The educational network, which serves at-risk students with behavioral disorders, is in the midst of a $400,000 construction project. It is building a new 2,000-square-foot autism wing and adjoining parking lot at its Housatonic Academy day school campus on West Street in Pittsfield.
"There's a growing autistic population in the country, but you can also see that here in Berkshire County," said Gerard Burke, Hillcrest's president and CEO. Burke on Wednesday led an Eagle reporter on a site visit.
Autism is a general term for a range of developmental disabilities known as autism spectrum disorders. People with autism are affected differently. Individuals termed as "high-functioning" have what are considered normal levels of intelligence and mobility. So-called "low-functioning" people on the autism spectrum may not speak and their autism may be combined with physical impairments.
The common characteristics between autistic people is that they have significant social, communication and behavioral challenges.
Scientists still have not determined all of the causes of autism spectrum disorders, which develop in children. The Centers for Disease Control and Prevention currently estimate that about 1 in 110 children in the United States have an autism spectrum disorder.
The Housatonic Academy began developing its program for high-functioning children on the spectrum two years ago, under the guidance of former program director Susan Strong. Today, the program, now under the direction of Allison Billard, has grown to include young people who range across the spectrum.
"It's been a bit of a challenge for us in terms of space and work area," Billard said.

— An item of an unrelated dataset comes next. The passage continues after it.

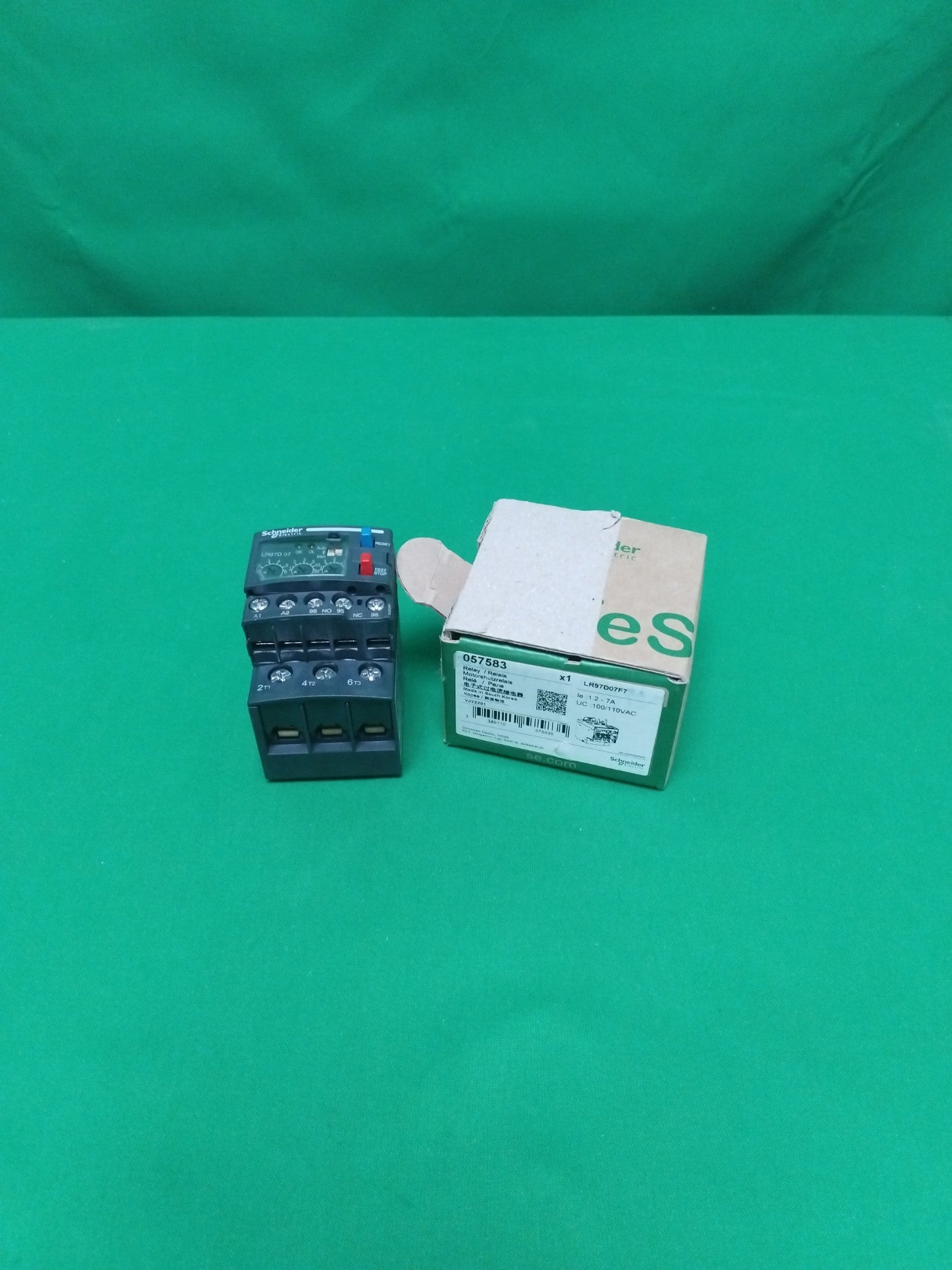 Schneider-Electric LR97D07F7 LR97D07F7 57583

Currently the school has eight students who are specifically designated to an autism classroom. Four other students with autism spectrum disorders are part of an integrated classroom.
Burke said that Hillcrest has between 25 and 35 students with autism spectrum disorders in total among its residential programs.

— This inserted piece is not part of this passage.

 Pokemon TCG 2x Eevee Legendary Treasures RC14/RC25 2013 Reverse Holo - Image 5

Some autistic people have high sensitivities to light and sound while others, often low-functioning individuals, will grunt or make loud noises in response to a stimulus. So if, for example, a sound-sensitive student was in the same classroom as a student who tends to scream, it could become an upsetting environment for both people.
"I can't wait to get a new classroom," said Nicholas Wilson, a Housatonic Academy student whose classroom contains both low- and high-functioning students with autism. "It will be nice to have more space and for them to have their own classrooms," he said.

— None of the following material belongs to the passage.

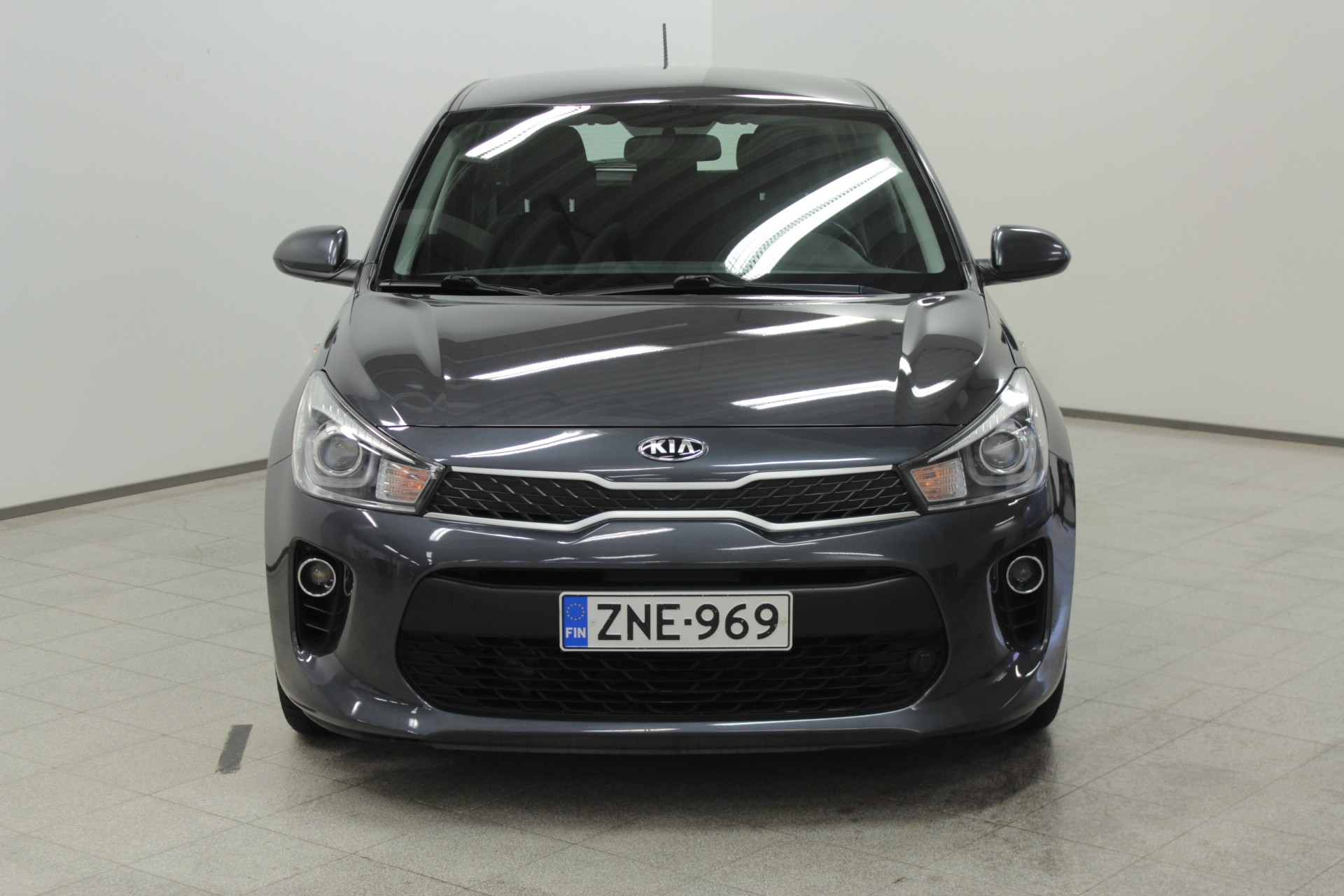 KIA Rio 2020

The construction and autism curriculum is being developed by the school with consultation from The New England Center for Children.
Installed on the school's west side, the new wing will contain two main classrooms. One will have the capacity for eight high-functioning students and their teachers and aides. The other will have the capacity for five low-functioning individuals and their staff. There will also be a full bathroom and a "sensory room" where students can use games, toys and other tactile devices to help them function better. Students are also getting a new computer lab.
The building is scheduled to be completed in early June.